Summary: | Characters missing reading PDF file | ||
---|---|---|---|
Product: | Ghostscript | Reporter: | Marcos H. Woehrmann <marcos.woehrmann> |
Component: | PDF Interpreter | Assignee: | Alex Cherepanov <alex> |
Status: | NOTIFIED FIXED | ||
Severity: | normal | CC: | markw |
Priority: | P2 | ||
Version: | 8.56 | ||
Hardware: | All | ||
OS: | All | ||
Customer: | 580 | Word Size: | --- |
Attachments: |
PDF that contains ö (Latin small letter O with diaeresis)
Output missing ö character (second line in top box) input output comparision patch experimental patch |
Description
Marcos H. Woehrmann
2006-11-28 09:42:02 UTC
Created attachment 2638 [details]
missing_chars.pdf
The problem in the PDF interpreter is that this file has an embedded TTF subset of the /Helvetica font which is entered into the FontDirectory as Helvetica (the subset is missing the '@', 'J', 'V' and 'X' among other glyphs). When a subsequent "Tf" comes along that references the /Helv font which is defined as a Type1 font (not a subset), we are picking up the subset that is installed instead of loading the complete Type 1 font. Thus the problem stems from putting subsets in the FontDirectory under the regular BaseFont name. What is being done about this bug? When is the anticipated fix going to take place? Thanks.... Created attachment 2875 [details]
PDF that contains ö (Latin small letter O with diaeresis)
This PDF contains ö characters (Latin small letter "O" with diaeresis or "two
dots" above the letter) that are missing (not substituted or anything just
completely missing) when viewing or converting through Ghostscript (all recent
releases tested). See hungarian.gif for example of Ghostscript output (second
line in top box) and compare.gif for a side by side comparison of the PDF input
versus the Ghostscript output.
Created attachment 2876 [details]
Output missing ö character (second line in top box)
This is the output from Ghostscript (converted to GIF with extra pages removed)
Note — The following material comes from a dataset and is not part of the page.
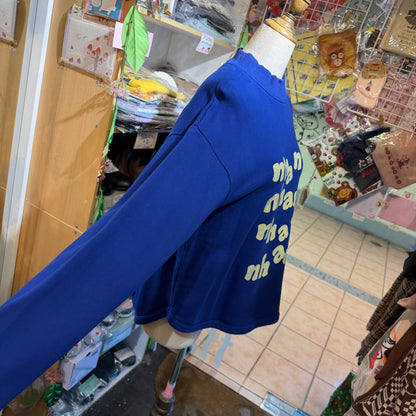 Laiterie nhanh Blue Sweatshirt, made in Japan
demonstrating that the ö characters are missing from the second line of the top
box. See compare.gif for a side-by-side comparison of the PDF input and
resulting Ghostscript output.
Created attachment 2877 [details]
input output comparision
This is a side-by-side comparison of the PDF input and Ghostscript output with
the missing characters indicated.
I'm working on this proglem. The problem is caused by PDF interpreter font cache and looking up the fonts in the cache by name. The fix will be ready soon. Hello Alex. Will a fix come in the form of a patch or will it be incorporated into the next full released. Thank you. Mark Warbington Created attachment 3078 [details]
patch
Undefine the font that may be defined in memory before attempting to
resolve a font name into a font. This guarantees that the font will be resolved
into an external resource.
The patch causes no differences on the Comparefiles test.
However, it prevents in-memory re-definitions of the font
resources, which may be undesirable.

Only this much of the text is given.